"""
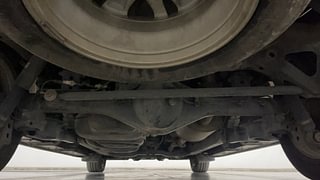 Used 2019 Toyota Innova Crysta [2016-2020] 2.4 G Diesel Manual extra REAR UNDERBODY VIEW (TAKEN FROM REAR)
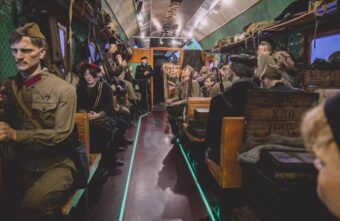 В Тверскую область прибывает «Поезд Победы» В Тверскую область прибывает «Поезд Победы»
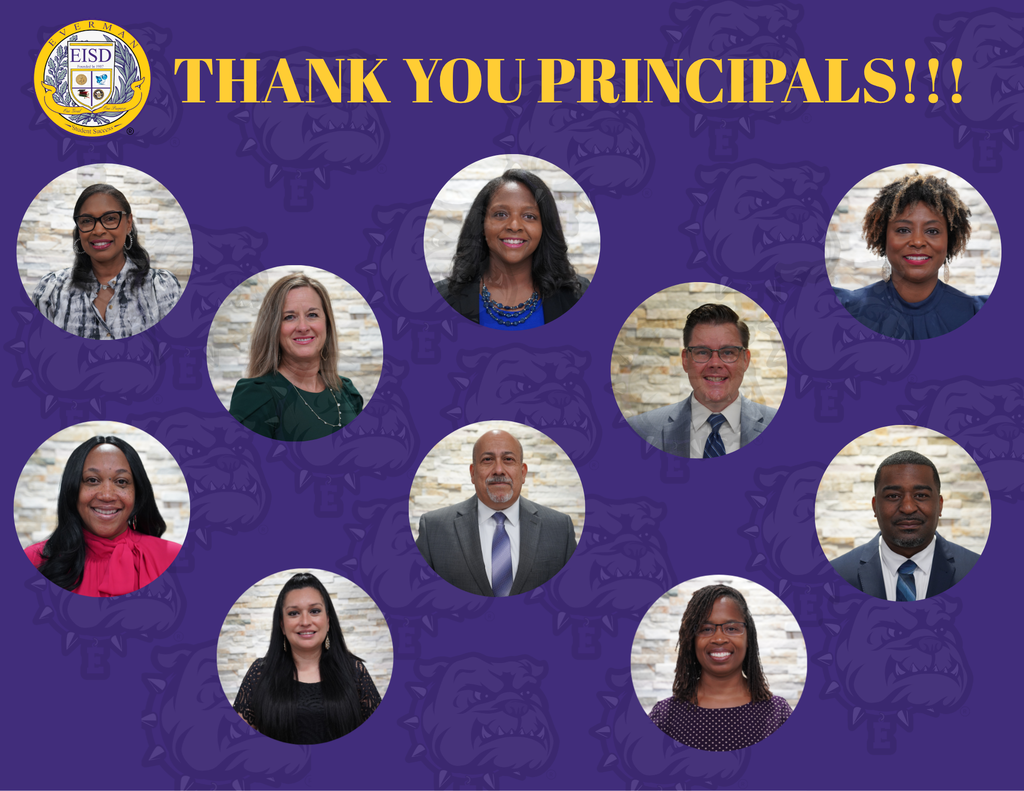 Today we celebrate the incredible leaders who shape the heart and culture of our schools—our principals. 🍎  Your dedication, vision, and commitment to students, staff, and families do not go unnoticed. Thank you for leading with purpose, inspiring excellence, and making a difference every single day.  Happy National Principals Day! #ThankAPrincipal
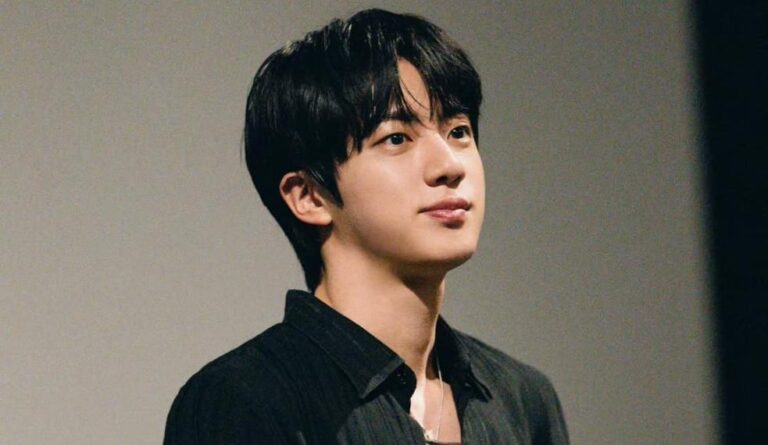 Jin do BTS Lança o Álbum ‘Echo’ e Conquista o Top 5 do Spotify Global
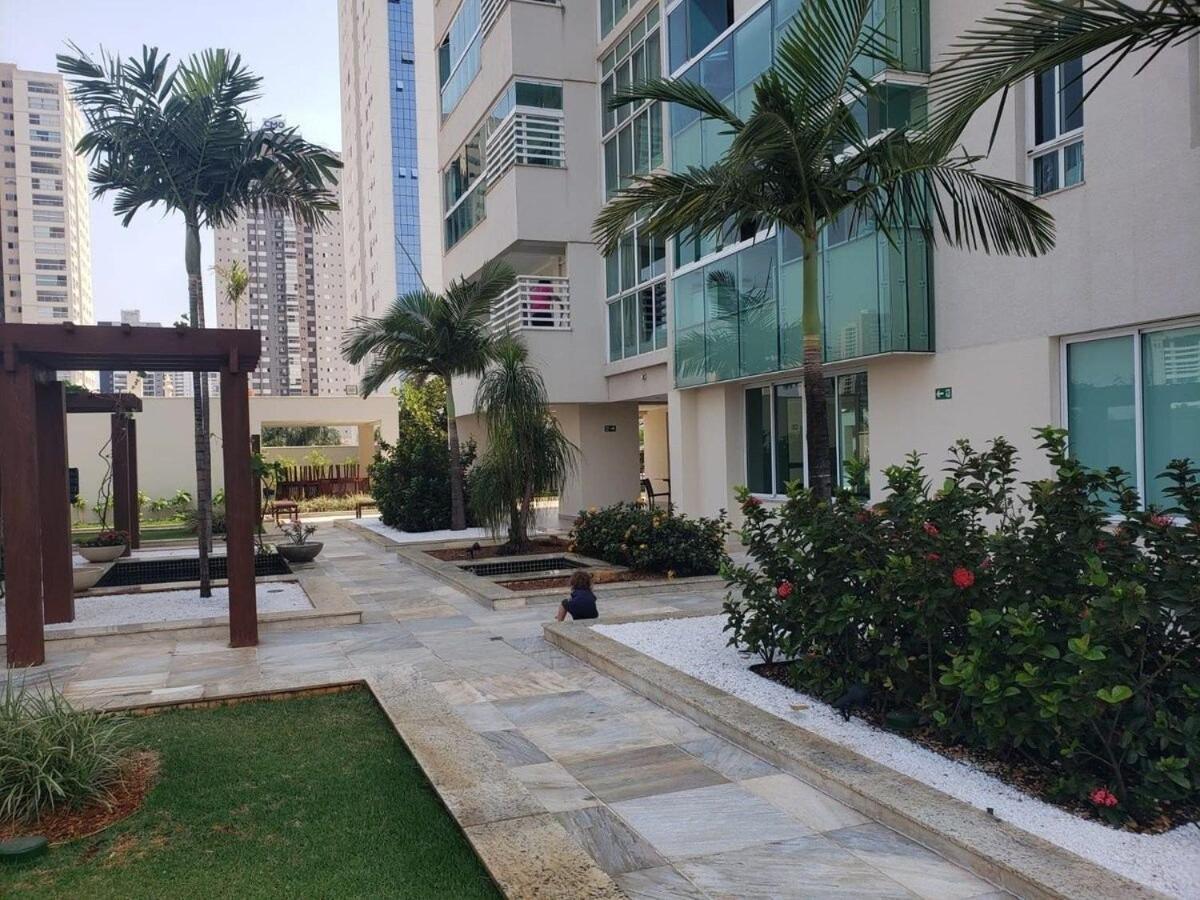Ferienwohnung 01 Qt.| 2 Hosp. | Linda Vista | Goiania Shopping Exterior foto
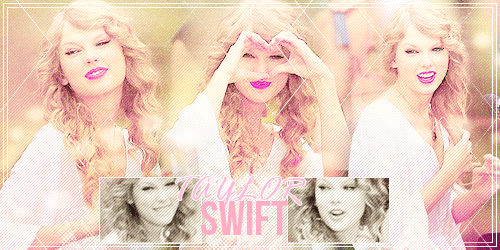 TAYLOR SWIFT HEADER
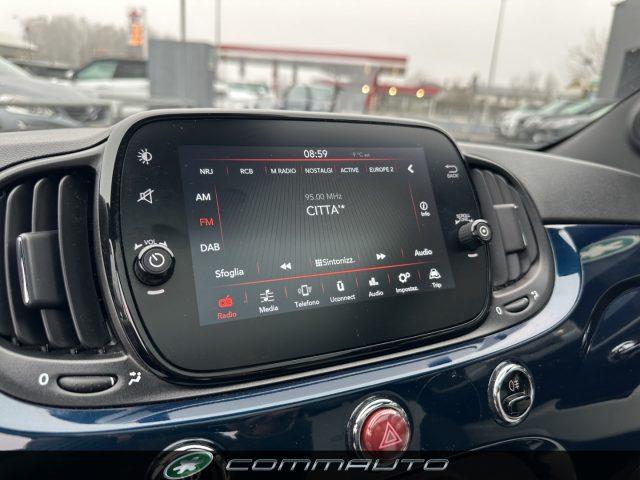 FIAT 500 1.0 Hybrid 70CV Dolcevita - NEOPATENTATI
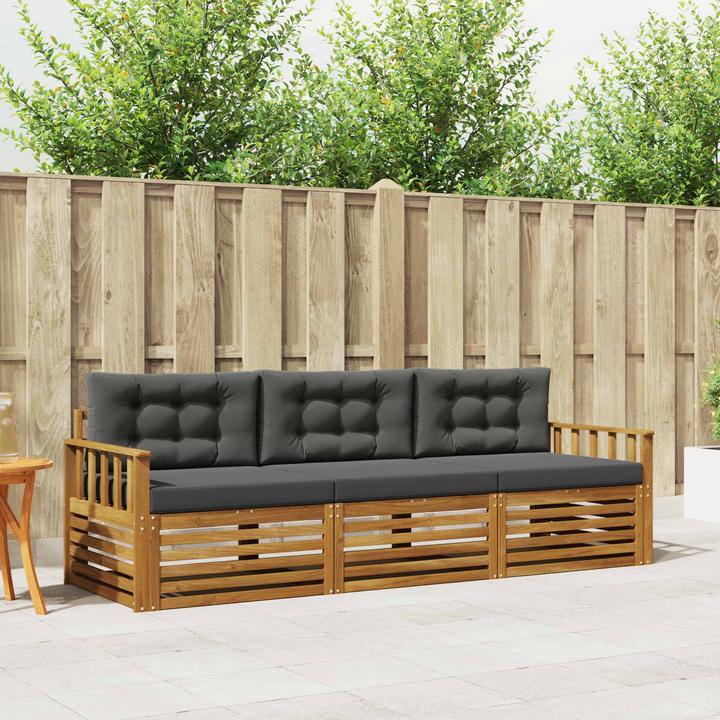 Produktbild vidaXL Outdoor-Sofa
"""
§ **REQUIRED ACTION**:
Copy the data in full. No pictures belong in the copy.

§ **EXERCISE SOLUTION**:
 Used 2019 Toyota Innova Crysta [2016-2020] 2.4 G Diesel Manual extra REAR UNDERBODY VIEW (TAKEN FROM REAR)
 В Тверскую область прибывает «Поезд Победы» В Тверскую область прибывает «Поезд Победы»
 Today we celebrate the incredible leaders who shape the heart and culture of our schools—our principals. 🍎  Your dedication, vision, and commitment to students, staff, and families do not go unnoticed. Thank you for leading with purpose, inspiring excellence, and making a difference every single day.  Happy National Principals Day! #ThankAPrincipal
 Jin do BTS Lança o Álbum ‘Echo’ e Conquista o Top 5 do Spotify Global
Ferienwohnung 01 Qt.| 2 Hosp. | Linda Vista | Goiania Shopping Exterior foto
 TAYLOR SWIFT HEADER
 FIAT 500 1.0 Hybrid 70CV Dolcevita - NEOPATENTATI
 Produktbild vidaXL Outdoor-Sofa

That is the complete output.